I’m writing this while traveling from Arequipa, Peru to Cusco, Peru. For me, one of the best parts of traveling is the serendipitous interactions I have with fellow travelers. Earlier this week, I was fortunate enough to have dinner with a doctor from Buenos Aires, Argentina. Iván Paz is working in Arequipa right now, and when I asked him how long he planned on staying, he told me that he was never going to live in Buenos Aires or his native Argentina again.
I visited Buenos Aires years ago, and like many, found it completely charming. It has the beautiful architecture, cosmopolitan services, and fantastic restaurants found in many European capitals. It also has the warmth and charm of a South American country. Men I just met hugged me. Women I just met kissed me. It’s hard not to love a visit to Buenos Aires.
Naturally, I asked my dining companion why he was so adamant about never returning. What follows is his story. I don’t understand Argentinian politics well enough to have an opinion about his views, but I can confirm that his economic analysis is sound.
When he told me that the annual inflation rate in Argentina was 40 percent, I asked him how mortgages were structured when someone wanted to buy a house. He laughed and replied that buying a house wasn’t possible. When I pressed for more information, Iván told me that almost a decade ago he bought a house. The bank financed 50 percent of the purchase price at a 14 percent rate; conditions that would cause domestic unrest here in the United States.

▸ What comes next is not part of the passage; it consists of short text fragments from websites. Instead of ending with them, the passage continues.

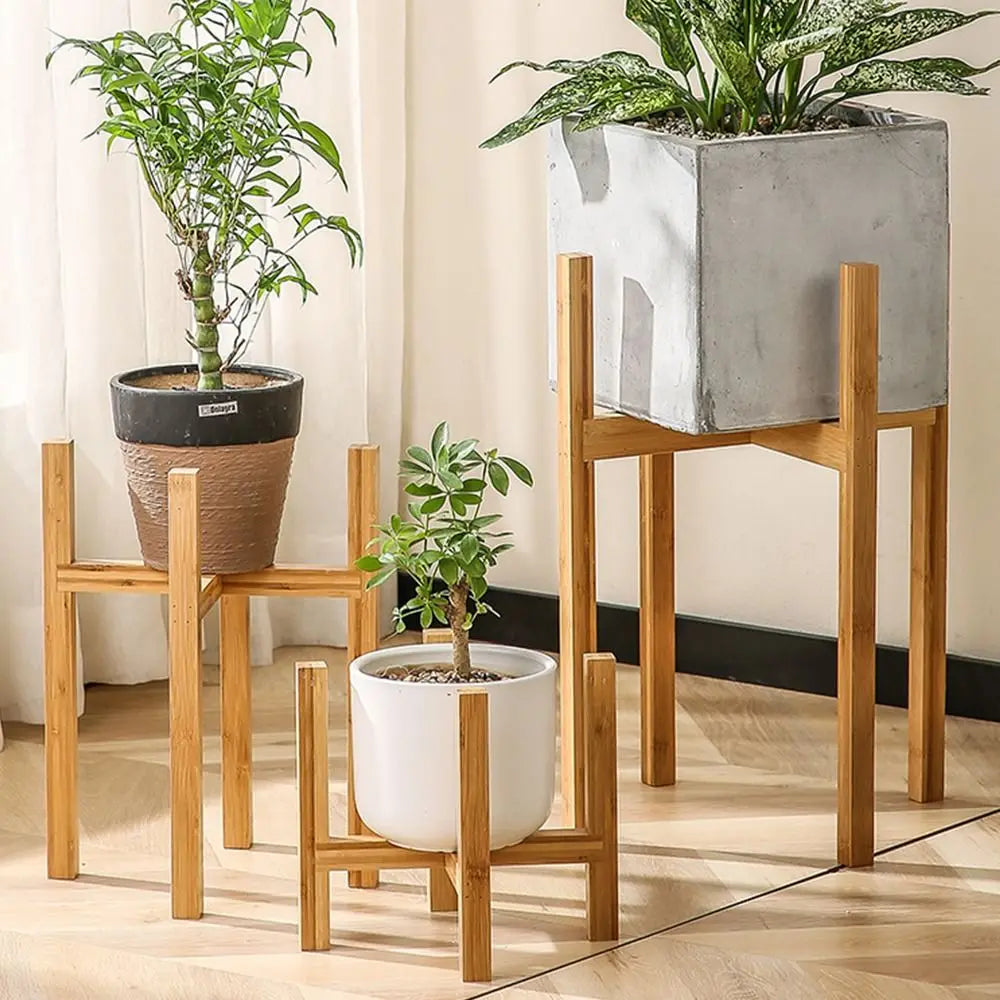 Floor-Standing Wood Flowerpot Holder Round Leg Gardening Supplies Flower Pot Base Home Decoration Desktop Ornament Plants Stand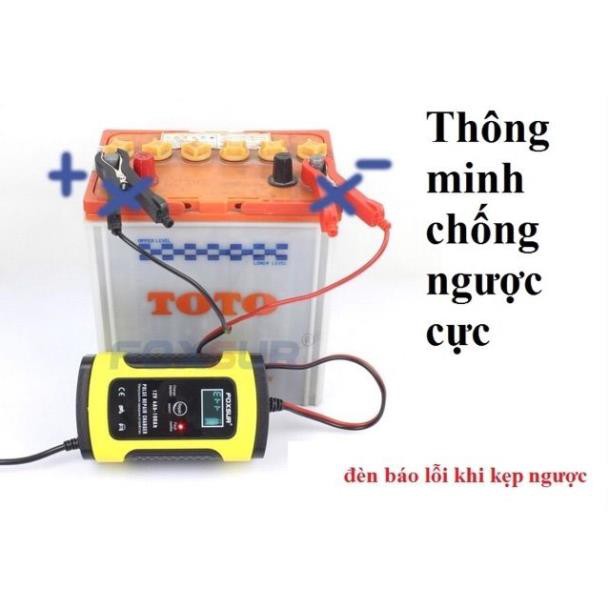 Bộ sạc bình ắc quy xe máy ô tô_Sạc acquy 12v 24v tự ngắt_Sạc bình mạch sạc ác quy Foxsur (DCG)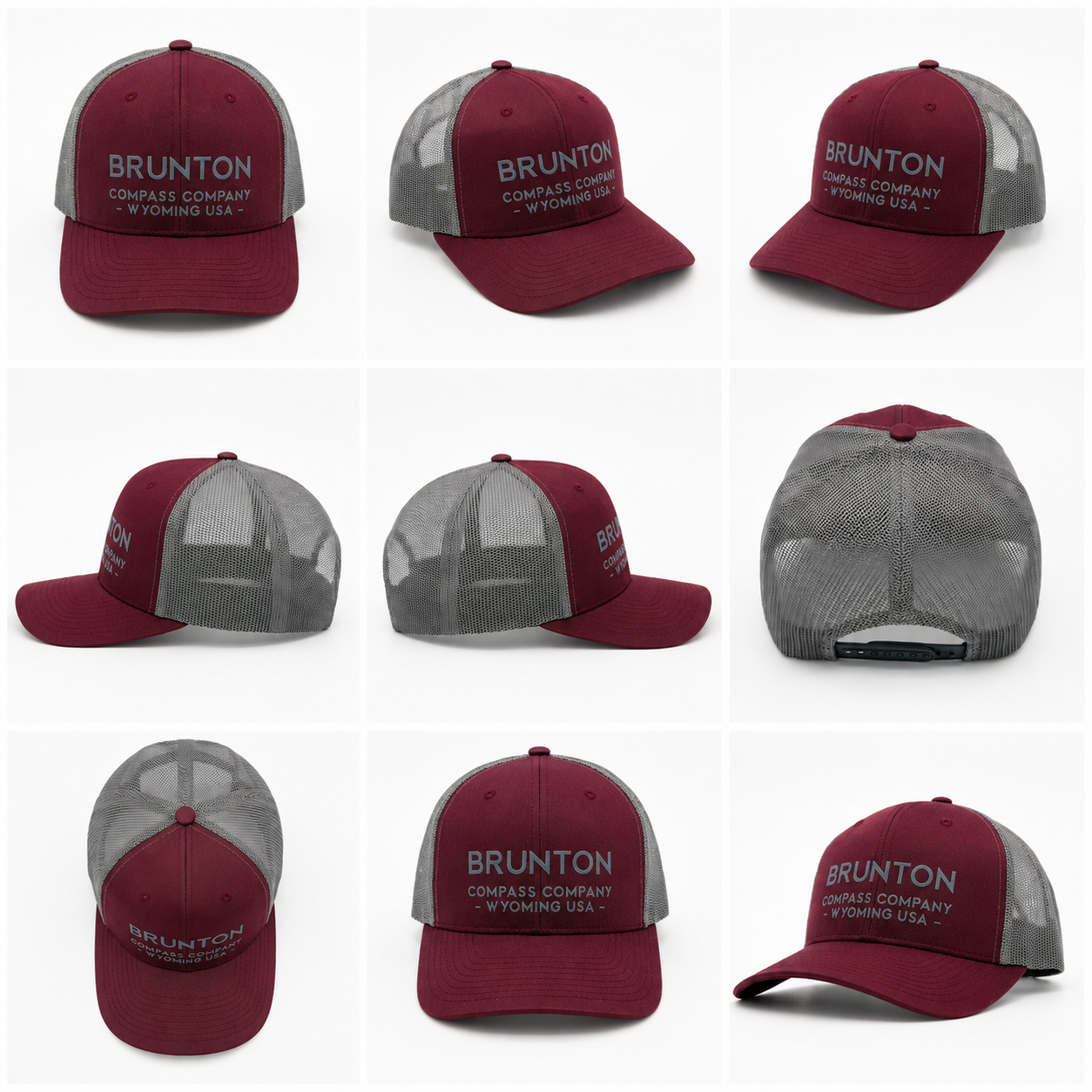 The 'Jasper' Cap - Maroon and Silver Printed Trucker Hat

As proof that government policy regarding money supply and excessive spending matters, we show what’s happened to the currency of nearby Peru. Please note the relative stability of the Peruvian Sole versus the constantly plummeting value of the Argentinian Peso.

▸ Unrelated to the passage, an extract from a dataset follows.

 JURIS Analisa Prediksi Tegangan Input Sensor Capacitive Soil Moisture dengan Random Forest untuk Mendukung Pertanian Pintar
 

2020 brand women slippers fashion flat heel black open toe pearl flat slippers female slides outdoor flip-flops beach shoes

Despite mortgage conditions that Americans might consider awful, I realized that getting 14 percent financing when the value of the currency used to pay the mortgage payment was depreciating at 40 percent was actually a great deal. I asked my friend how the banks didn’t go out of business effectively lending at negative 26 percent, and he replied that the banks were fine because the government had guaranteed the bad loans. Astute readers will remember that the U.S. government supplying guarantees for bad mortgage loans was a key element of the 2008 great financial crisis. The story I was hearing was getting to be uncomfortably familiar.

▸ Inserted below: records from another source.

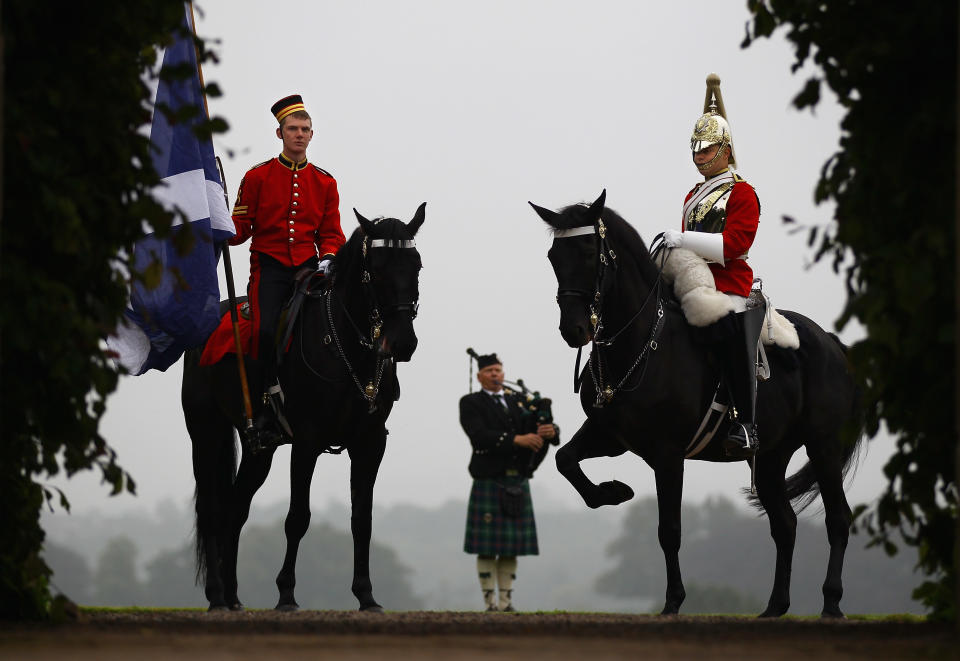 The Household Cavalry Prepare At Floors Castle Ahead Of Massed Pipe Bands Day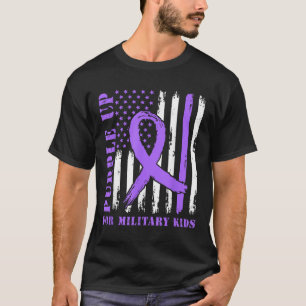 T-shirt Purple Up For Military Kids Us Drapeau Militaire C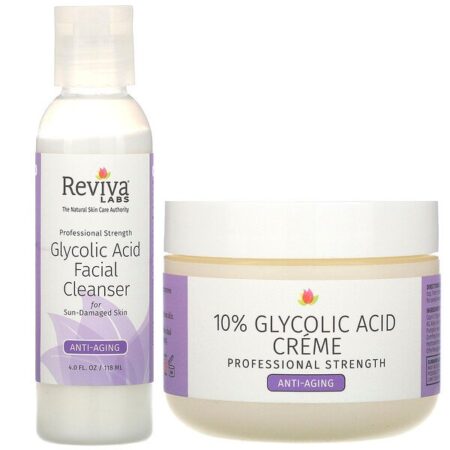 Reviva Labs, Creme com Ácido Glicólico a 10% e Limpador Facial com Ácido Glicólico, Conjunto com 2 Peças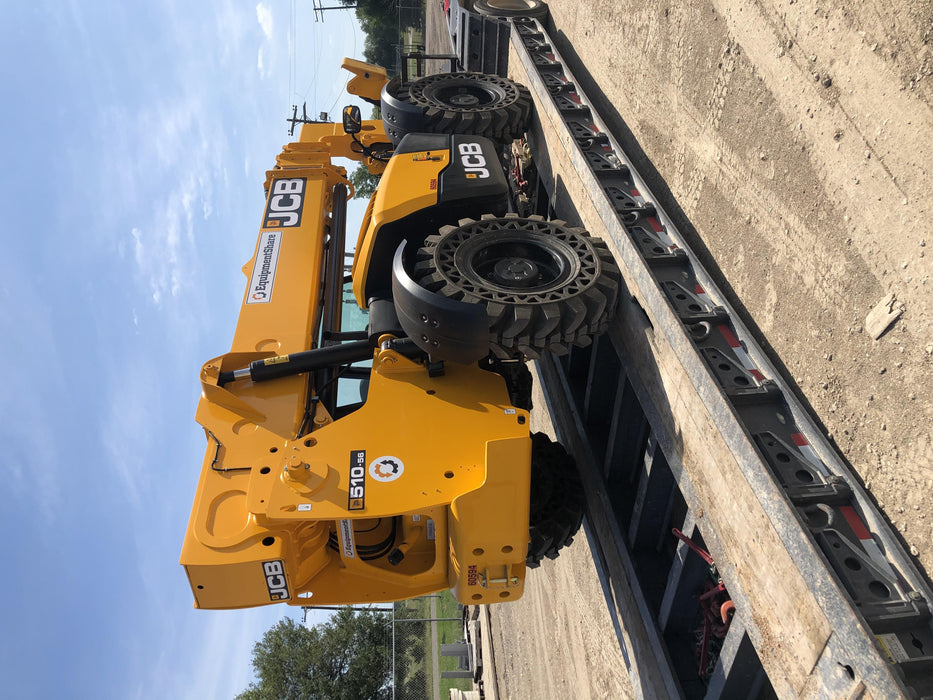 2020 JCB 510-56 Cab/Heat/Air, 74 HP, Solid Tires, STD Worklight, Beacon, Aux Hydraulics, Lifting Eye, Back up Alarm w/66" Carriage/60" Forks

I asked Iván what happened to these loan programs, and he said that a year after he bought his house, the loan programs were all closed. In fairness to the banks, there’s no reasonable way to make multi-decade loans when inflation is running at 40 percent. Iván said that now, if someone in a highly-educated profession (like a doctor) wants to buy a home, it takes about three years to save enough for the down payment on the land. That’s before buying a single brick, roof shingle, flooring, or plumbing supplies. He’s correct that under these conditions, it’s not possible to buy a house.
The U.S. Federal Reserve needs to respond to the current situation. Inflation is at a 40-year high, real interest rates are at record negative levels, and as of this writing, they’re still engaging in Quantitative Easing (increasing the money supply). Even the most hawkish (aggressive) members of the Fed think they’ll be able to get away with a 2 percent increase in interest rates. We don’t think the United States is heading in the direction of Argentina right now, but there are many parallels between Iván’s story and U.S. economic policy. Argentina represents a warning on how bad things can get if our institutions don’t take the current situation seriously.